Dealing with heavy computing

Using clusters

With heavy data, obviously, any programming task can be very long to execute. As an example, running the tractoflow singularity on 20 HCP subjects can easily take up to 2-3 days on an average computer. A faster way to process is to copy your data on super powerful computers and process your data directly on the distant computer. Supercomputers exist (HPC = high performance computer), which are usually not a real computer but rather a cluster of computers connected.

Generally, we could say that if you have more than 20 subjects, you could start thinking to run your job on Compute Canada. Below, you can start your job locally in the evening and let it run during the night.

Compute Canada

Compute Canada is an example of service for clusters. An explained in the Onboarding new students page, you must ask for access. Here are the links to the login page and to the wiki page.

Our lab has access to cedar, graham or beluga. The following text takes beluga as example, but it could be either one. However, our lab has more TB and RAM on beluga.

Here is how the directories are separated into “spaces” and Compute Canada’s definition of each space:

../_images/logo_computeCanada.png
  • HOME: While your home directory may seem like the logical place to store all your files and do all your work, in general this isn’t the case - your home normally has a relatively small quota and doesn’t have especially good performance for the writing and reading of large amounts of data. The most logical use of your home directory is typically source code, small parameter files and job submission scripts.
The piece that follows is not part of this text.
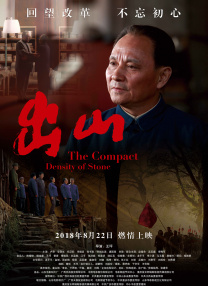 朋友妈妈2017：朋友不在家的日子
  • PROJECT: The project space has a significantly larger quota and is well-adapted to sharing data among members of a research group since it, unlike the home or scratch, is linked to a professor’s account rather than an individual user.

  • SCRATCH: For intensive read/write operations, scratch is the best choice. This is where you can store up to 20Tb of temporary files. Remember however that important files must be copied off scratch since they are not backed up there, and older files are subject to purging. The scratch storage should therefore only be used for transient files.

Thus, when you connect (ex, with ssh), you start in a directory called USER (your username), which we also call your home. Inside, you will find:

  • projects/def-descotea: a symlink to Maxime’s project space. Inside, there is one directory per user in our lab (you only have access to yours). This is where you should keep your data.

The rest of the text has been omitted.